Not all students find themselves repeatedly snoozing their alarm after a Sunday night bender. Early risers do, in fact, exist and these rare breeds have some advice to offer.
Shelby Ward, a first-year Ivey Business School student, says that she’s always known that she’s a morning person. It wasn’t until she went away to university, when she finally started to use this trait to her advantage.
“I find that I have my clearest mind in the morning,” says Ward. “So as my workload has kind of grown throughout time, I relied on it more to make sure I get everything done that I need to get done in the day.”
Ward prefers to start her day with simple tasks. Doing a quick textbook reading or watching a lecture as opposed to jumping into more involved, taxing work.
But finding the motivation to set your alarm before 10 p.m. and jump into school work is easier said than done. Throughout Ward’s individual journey in keeping a consistent routine, she has found various ways to trick her body into waking up. The secret to Ward’s consistency has been the formation of sustainable habits.

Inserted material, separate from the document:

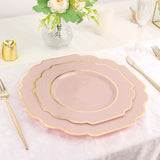 10 Pack | 8 Blush/Rose Gold Hard Plastic Dessert Appetizer Plates, Disposable Tableware, Baroque Heavy Duty Salad Plates with Gold Rim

“If I’m in my pajamas, I don't feel like I’m getting into my day,” she says. “If I don't engage in any part of what would be my traditional morning routine — like washing my face, brushing my teeth and braiding my hair— I find it’s really hard for me to understand that I’m going to be productive.”
Christopher Casale, a public administration master's student and fellow morning person, has found a similar comfort in persistence and regularity. Casale likes to prepare his clothes, food and coffee in the evening so when he wakes up, everything is ready for him to head out the door.

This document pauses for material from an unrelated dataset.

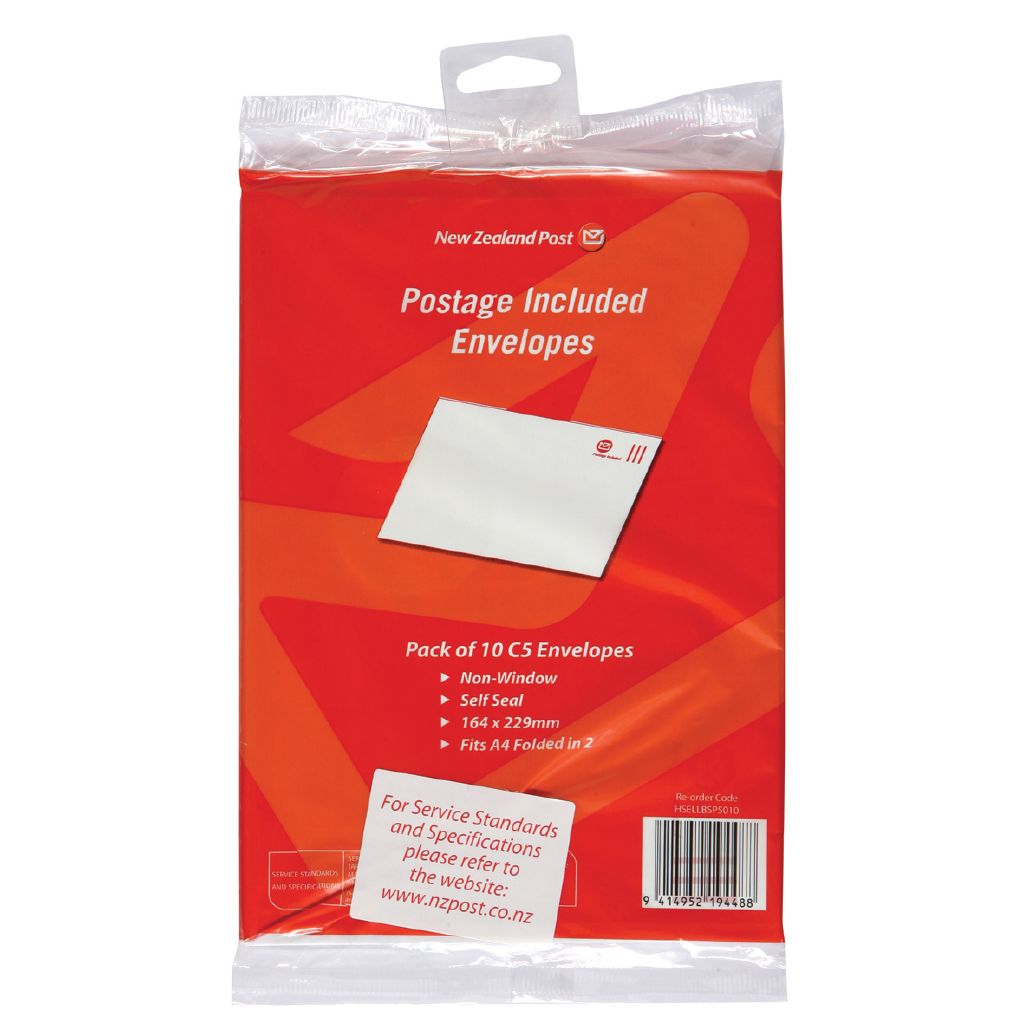 New Zealand Post Postage Included C5 Envelope 10 Pack White White The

“I think it is sort of like a mind over matter thing,” he says. “I think the most important thing is developing into a routine, because after your body gets acclimated to getting up early and you’ve been doing it consistently, that's going to be normal for you.”
As long as they are committed to the practice, Casale believes that any student can become a morning person.
Graham Reid, an associate professor in the faculty of psychology, helps to clarify this narrative with a psychological perspective.
In the shift from childhood to adolescence, the tendency to stay up and wake up later is extremely common. This phenomena is due to both one’s biological growth and social activities, but it is something that can be changed.
Reid explains that every kind of cell in our bodies has a circadian rhythm which functions around a 24-hour time period, regulating our sleep-wake cycle.
“Our bodies function very well when all of our circadian rhythms are in alignment. But when they start to get out of alignment, we start to feel really lousy,” he says. “We also know from intervention studies that you can get people to shift their tendency. The key part of this intervention is the morning routine.”
A regular routine can result in a biological shift in one’s circadian cycle — one that can push these rhythms naturally towards an earlier rise time.
Reid suggests something he calls a R.I.S.E U.P. routine. This acronym stands for refrain from snoozing, increase activity, shower and wash with cold water, expose yourself to sunlight, upbeat music and phone a friend. A routine which incorporates all of these elements can help one feel more energized in the morning time.
In addition to having an effective morning routine, good sleep hygiene is vital.
“If you have a great morning routine, and then the rest of the day is a mess, you’re not going to be able to shift your biological rhythm or your ability to get up very well,” says Reid.
Avoiding things like naps and caffeine in the late afternoon are imperative to one’s ability to fall asleep at night and wake up in the morning. As long as one goes to bed and wakes up at the same time within a 15-minute window, your body should adjust just fine and become in sync with the new routine.
Becoming a morning person doesn't happen overnight. It’s a process which takes persistent effort and figuring out what works for you as an individual.